WORK ITEM = What you give back must match the data exactly, minus the pictures.

SUPPLIED MATERIAL =

---------------

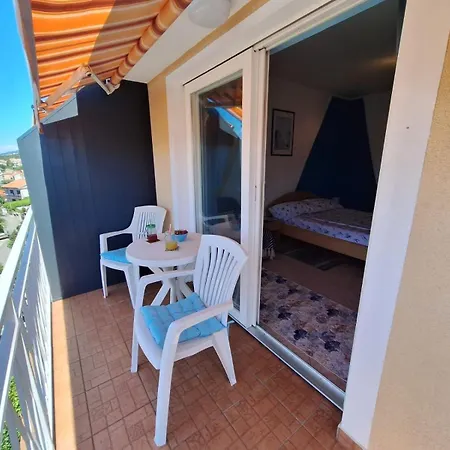 Domino Apartment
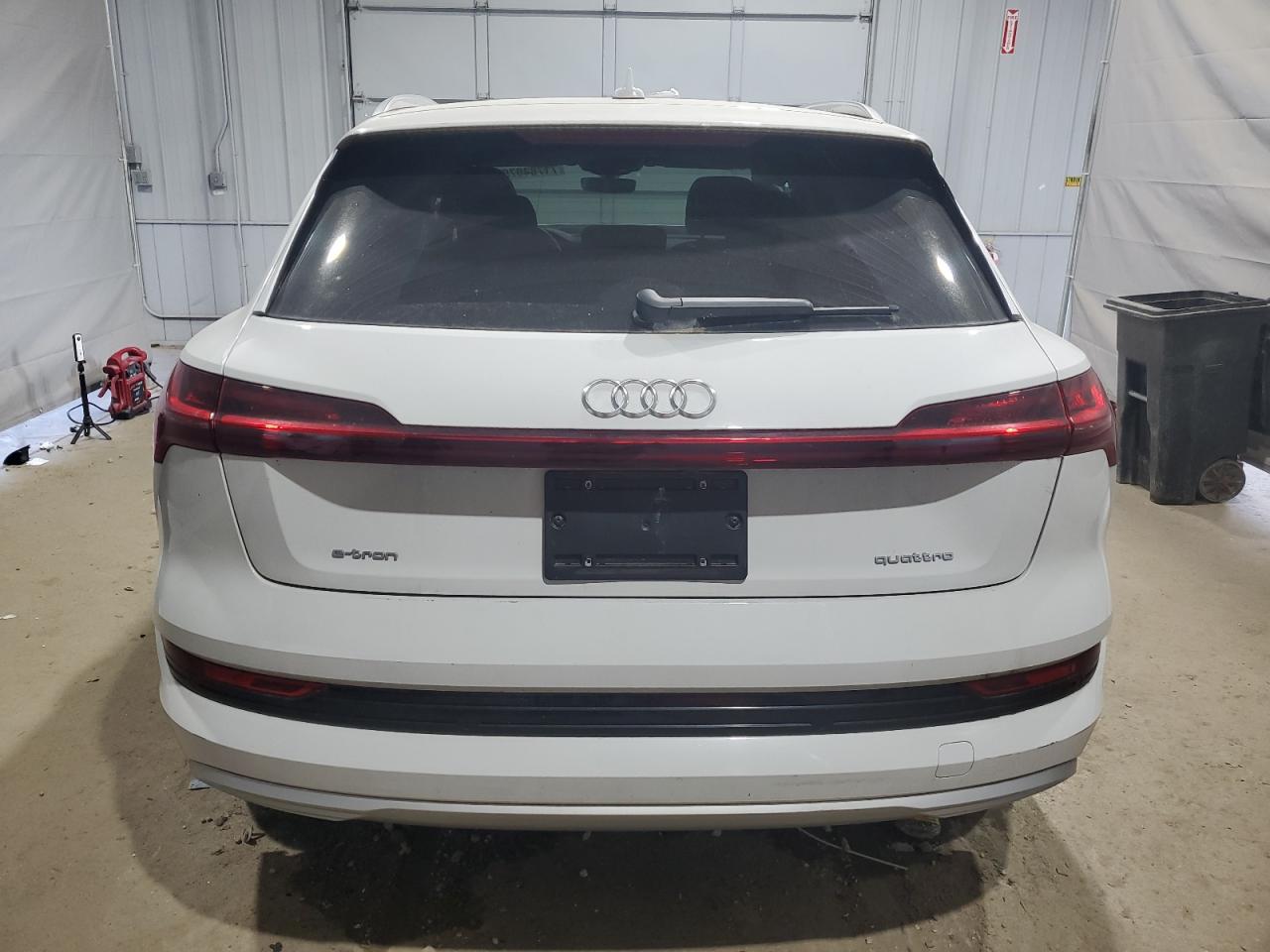 2022 Audi E-Tron Premium Plus VIN: WA1LAAGE2NB025151 Lot: 71784075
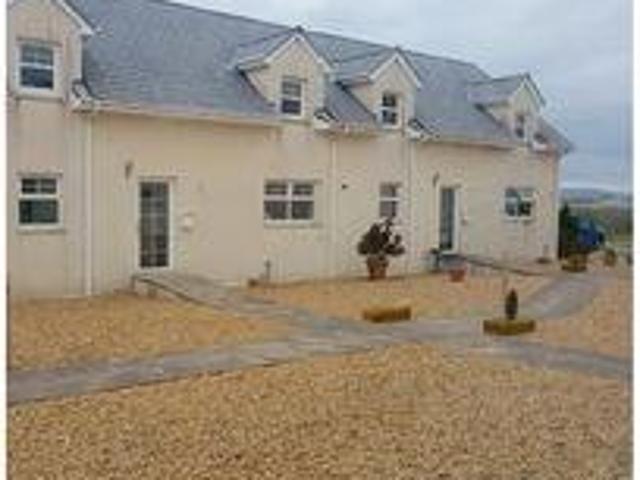 4 Bedrooms Terraced house for rent in Barlosh Court, Ochiltree KA18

---------------

EXPECTED OUTPUT =
 Domino Apartment
 2022 Audi E-Tron Premium Plus VIN: WA1LAAGE2NB025151 Lot: 71784075
 4 Bedrooms Terraced house for rent in Barlosh Court, Ochiltree KA18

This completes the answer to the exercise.